13. Mr. Boersma's seventh "exegetical point" is titled "Dragons Existing?" He writes, "The fifth day mentions the creation of the great 'sea monsters' (v. 21). . . . the word in Hebrew is tannim, which literally means 'dragons' or 'monsters.'" Yes, that's right. Creationists accept this. There is no "self-contradiction" within Genesis or within the Bible on this point.

  Mr. Boersma goes on to say, ". . . the Book of Job reports the Leviathan and Behemoth as massive mythological forces of evil and chaos, but assumes they are real: 'as I made you [Job] I made it' (Job 40: 15)." Now this is a self-contradiction — not within the Bible, but within Mr. Boersma's own statement! Behemoth and Leviathan are indeed presented as mighty but real created animals, not as "mythological." Throughout Job 38:39–39:30 God is describing real animals, albeit with the use of some poetical devices such as when the horse laughs and says "Aha!" The next two chapters present Behemoth and Leviathan, who appear not as symbols of evil but as prime examples of exceptional creaturely size, strength, and invincibility, pointing to their even more powerful Creator (Job 40:15-19; 41:1-11). Leviathan is also treated as a real animal in Psalm 104:26, with a variety of real organisms and other created things mentioned in that context.

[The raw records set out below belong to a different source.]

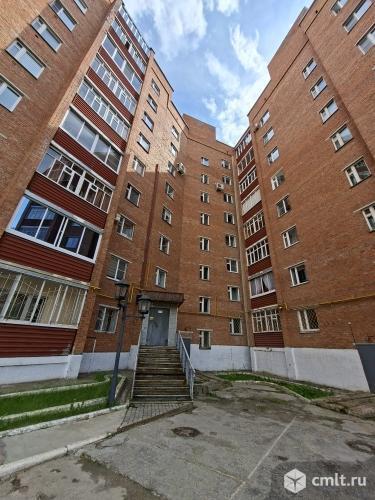 Нежилое помещение площадью 142,9 кв.м., (Н3), Ухта. Фото 1.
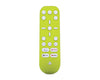 Sticky Bunny Shop PS5 Media Remote Bright Green Classic Solid Color PS5 Media Remote Skin | Choose Your Color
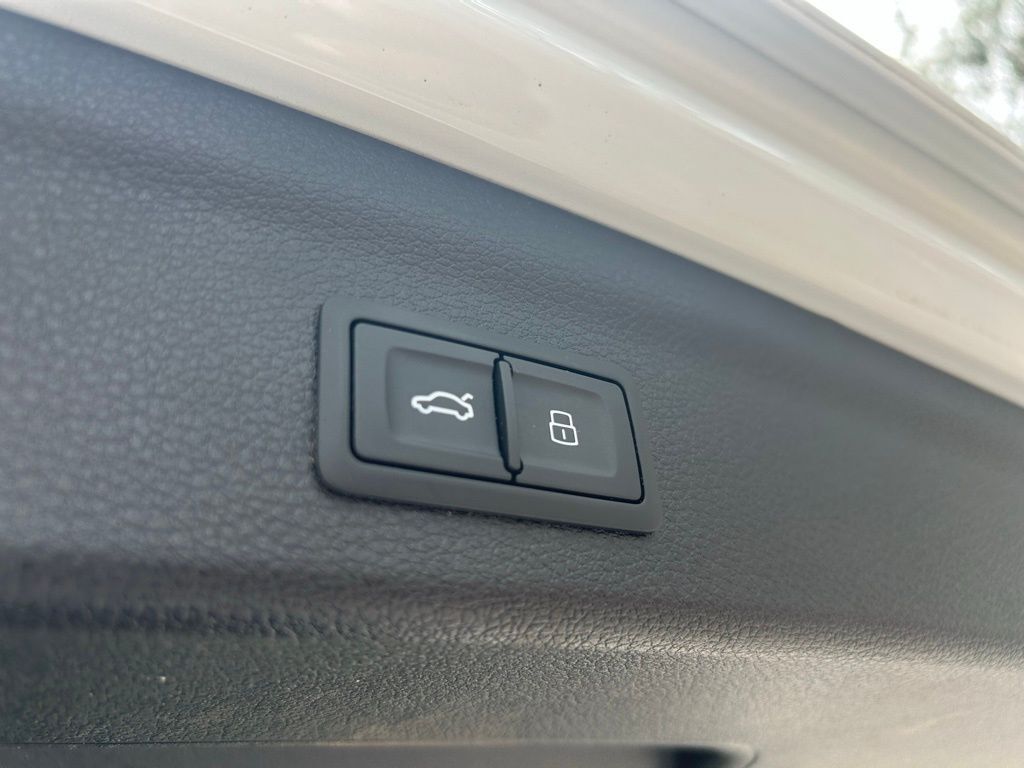 2020 Audi Q3 Premium Plus Tampa FL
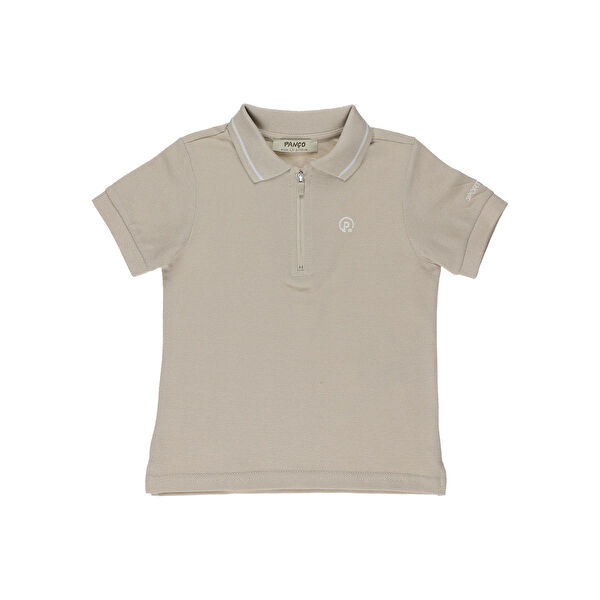 Panço Bebek Pijama, Pijama Takımı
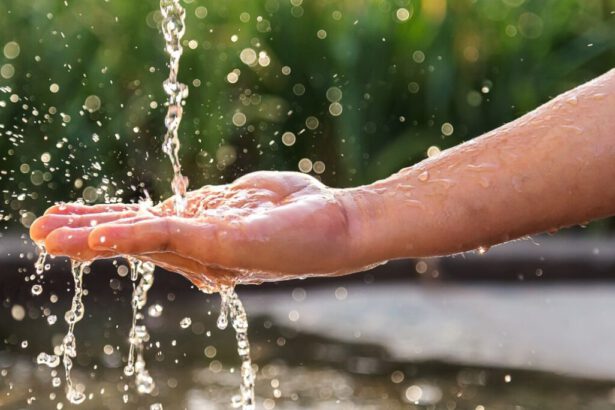 Allarme siccità: 5 soluzioni per evitare il razionamento 11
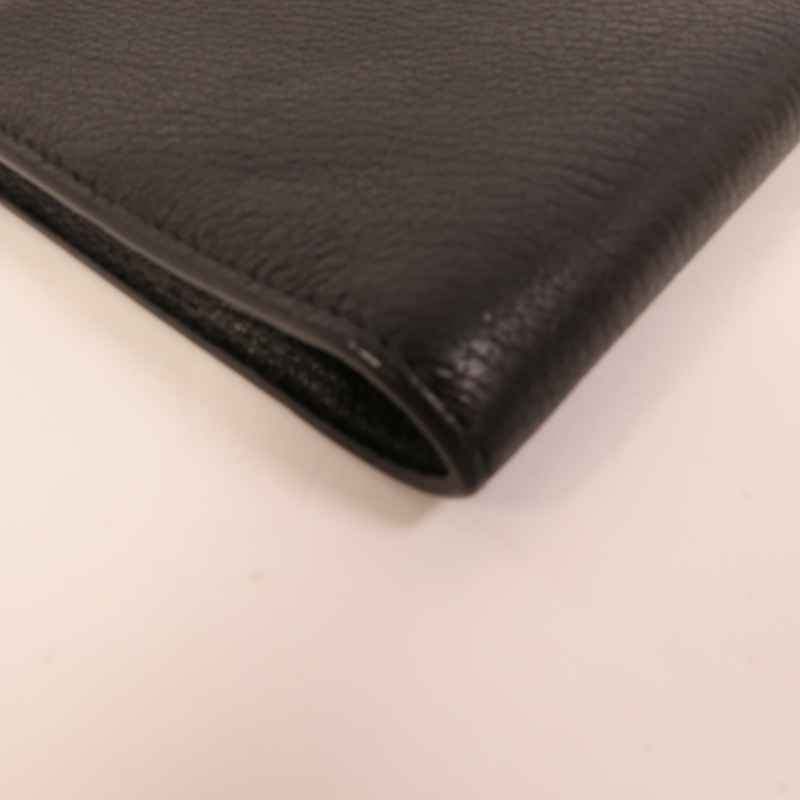 GIVENCHY 山羊皮革Antigona Crossbody Bag肩背袋-10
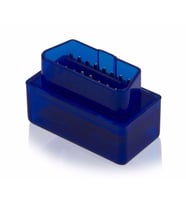 ELM327 Süpermini Araç Arıza Tespit Cihazı OBD2 V1.5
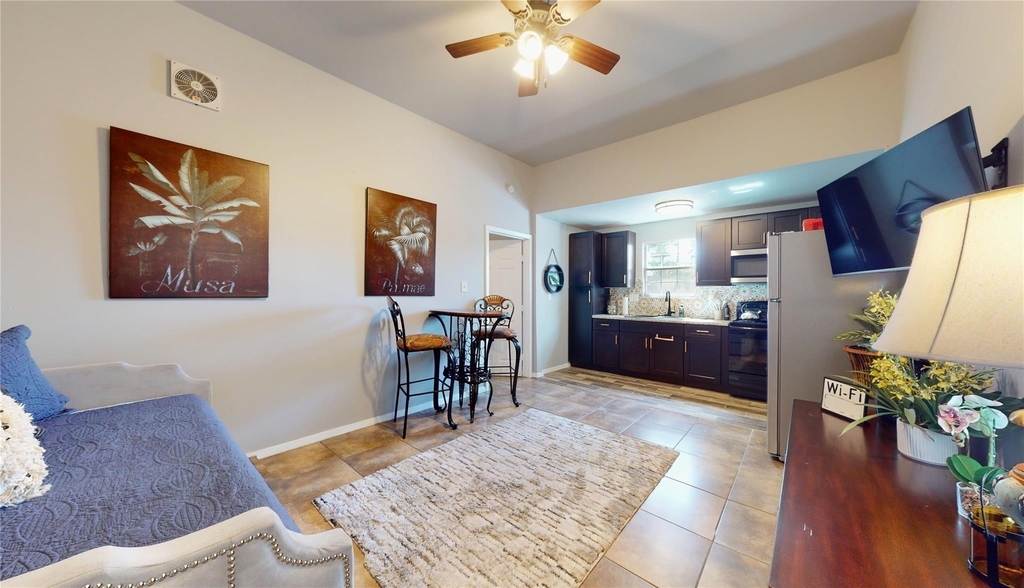 4507 W Bayshore Drive - Photo 11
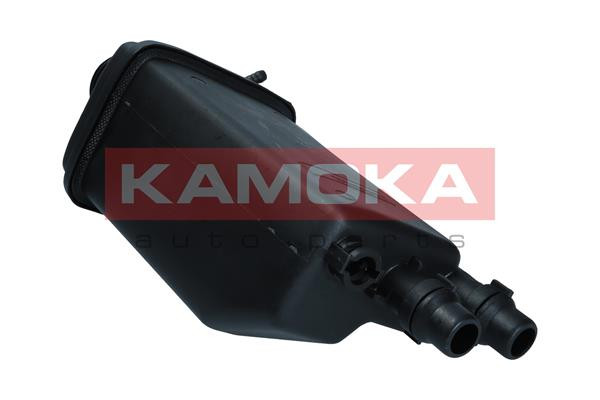 KAMOKA Ausgleichsbehälter, Kühlmittel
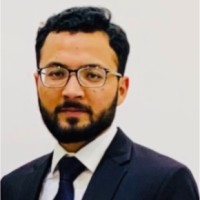 Muhammad Ghazanfer Shabbir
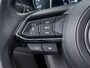 Mazda CX-5 2.0 Automaat Signature 19"LM/Leder/Navi /Clima/cruise/trekhaak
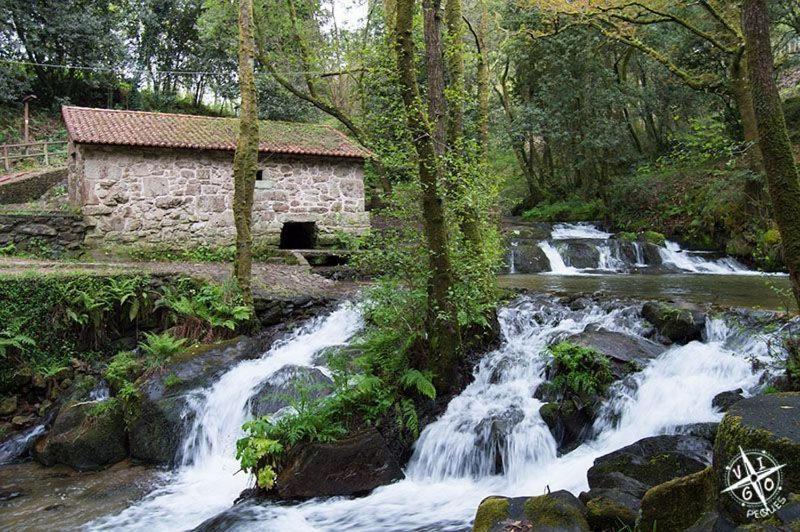 Casa Rio Canon Meis Kültér fotó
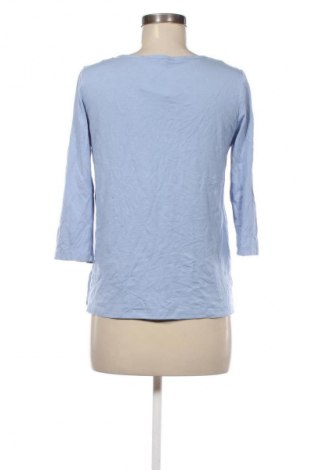 Bluzka damska PTC, Rozmiar S, Kolor Niebieski, Cena 45,99 zł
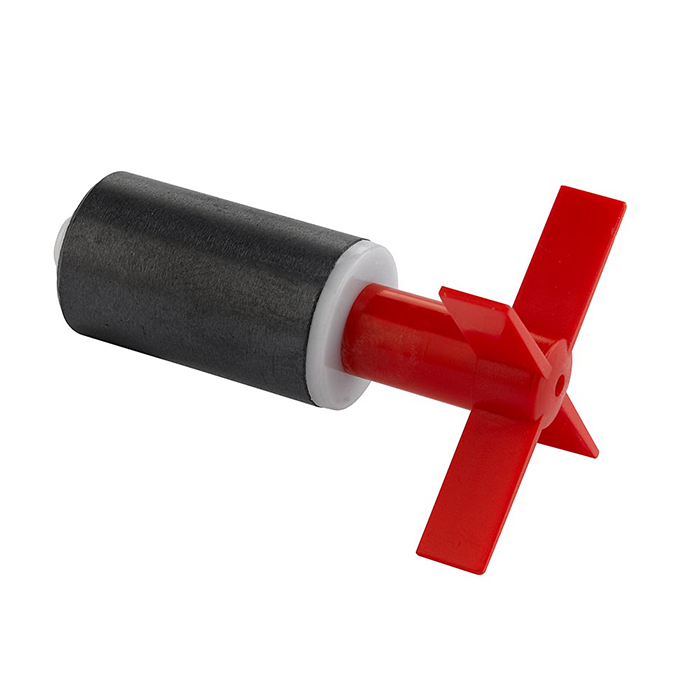 Ferplast Rotore Bluextreme 700 e Pompa Blupower 900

  The Bible does indeed use dragons and other reptiles as symbols of evil. For example, the dragon Rahab was used as a symbol of Egypt, and Pharaoh himself was called a "dragon" (Psalm 87:4; 89:8-10; Isaiah 30:7; 51:9; Ezekiel 29:3; 32:2). But such symbolic use does not by itself determine whether the people using the symbols think of the animals as real or "mythological."

  Modern creationists often argue that Behemoth and Leviathan were animals that have now gone extinct, perhaps huge reptiles. For example, see Mart-Jan Paul's article, "Behemoth and leviathan in the book of Job." A great deal of scientific evidence has recently come to light indicating that the extinction of dinosaurs may not have occurred as long ago as secular scientists tend to think. All of this would contradict modern secular thought, but it does not constitute a self-contradiction within the Bible.

   It should be noted that the thought that Behemoth and Leviathan may have been huge extinct animals originated well before modern creationism. For example, such ideas were discussed by Albert Barnes (Notes on the Old Testament: Job, circa 1840) and David Thomas (Book of Job: expository and homiletical commentary, 1878).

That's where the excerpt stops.